Action to stop cargo pillaging

Rev H. Barton addresses the gathering at the laying of the foundation stone of the new Maori Hill...
Rev H. Barton addresses the gathering at the laying of the foundation stone of the new Maori Hill Presbyterian Church on September 18, 1920. — Otago Witness, 28.9.1920.
CHRISTCHURCH: The pillaging of overseas cargo, which has been particularly rife during the past two or three years, has now, so far as importations from New York and the Eastern ports of America are concerned, reached an alarming stage.

The depredations are on such a wholesale and daring scale as to suggest the work of an organised gang or gangs. Importers, who during the past few months have been facing serious losses (says the Sun) have just formed an importers protection association, and meetings will be held next week. The experience of Robert Francis, of Christchurch, a firm of music dealers, is illustrative of the wholesale manner in which pillaging is carried out. The manufacturers of gramophones pack the machines in stoutly built and clamped cases about 4 ft 6 in high. A consignment was shipped to Mr Francis from New York of 11 cases of which seven were found to be minus machines. Of another lot of 14, nine were without machines. The loss runs into £175 a consignment. A number of cases were found to contain sacks of sand and shavings. There are traces of the imprint of a machine on the felt packing sacks, and other contents bear inscriptions showing American origin. Other cases were empty, but at least one that has not yet been opened is obviously packed with bricks. A peculiar feature in respect to the empty cases is that the closest scrutiny fails to show they have been opened. The evidence seems clear that the pillaging is done in America.

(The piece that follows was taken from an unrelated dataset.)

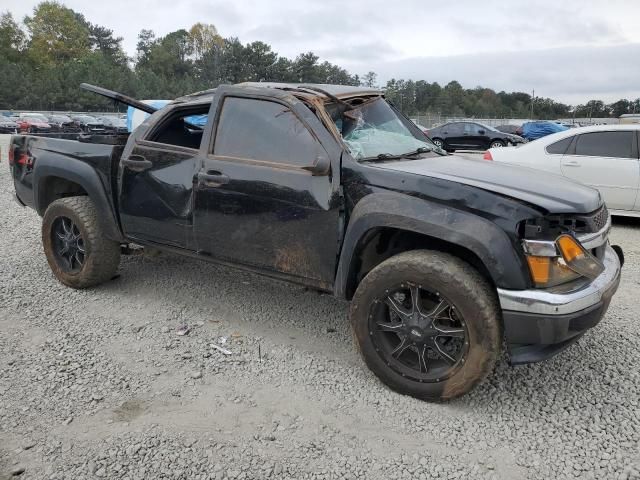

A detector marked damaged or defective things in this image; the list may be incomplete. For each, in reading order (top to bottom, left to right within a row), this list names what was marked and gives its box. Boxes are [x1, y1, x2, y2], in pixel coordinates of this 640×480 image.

shattered windshield [336, 98, 436, 161]
crumpled hood [372, 154, 604, 214]
damaged black pickup truck [7, 82, 624, 402]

Lonely Chinese trapper’s death

A whisper of murder sent the chiefs of police speeding to Ranfurly over the weekend, and the presence of so many officers caused a stir of excitement in the township, but it was a false alarm, and the party returned to town about midnight on Sunday with nothing more serious to report than the death of an aged Chinaman named Sue Pin. Far away in the hills, in remote spots, the lonely reaches of Central Otago shelter an occasional mud hut or tin whare; solitary dwelling places. Such was the abode of Sue Pin. In a desolate gully in Blackball, six miles from the homestead on Limburn Station stands his hut, with its cheerless mud walls and grass thatched roof. In this forgotten corner of a foreign land, he spent 15 years of his life, seldom seeing anyone, except when he went to the station for stores, or when a stray trapper visited him, without human companionship of any kind. When the gold gave out, he turned his attention to trapping, and so lived his lonely life known to the countryside only by repute as a rabbiter. But there came a night when Sue Pin shut the  door of his whare behind  him for the last time. A few days later a shepherd, forcing the door in, discovered his dead body. An inquest was held in Ranfurly.

Maori Hill Church ceremony

Fine weather prevailed for the ceremony of laying the foundation stone of the new Presbyterian Church at Maori Hill on Saturday afternoon. The site of the building is a central and commanding half acre at the corner of Drivers Rd and Highgate, and the occasion drew a large gathering of members and friends of the church, including many members of Presbytery and the boys of John McGlashan College. At present it is intended to erect only the auditorium and tower, and these alone are estimated to cost £10,500, of which £8000 is now in sight. — ODT, 20.9.1920.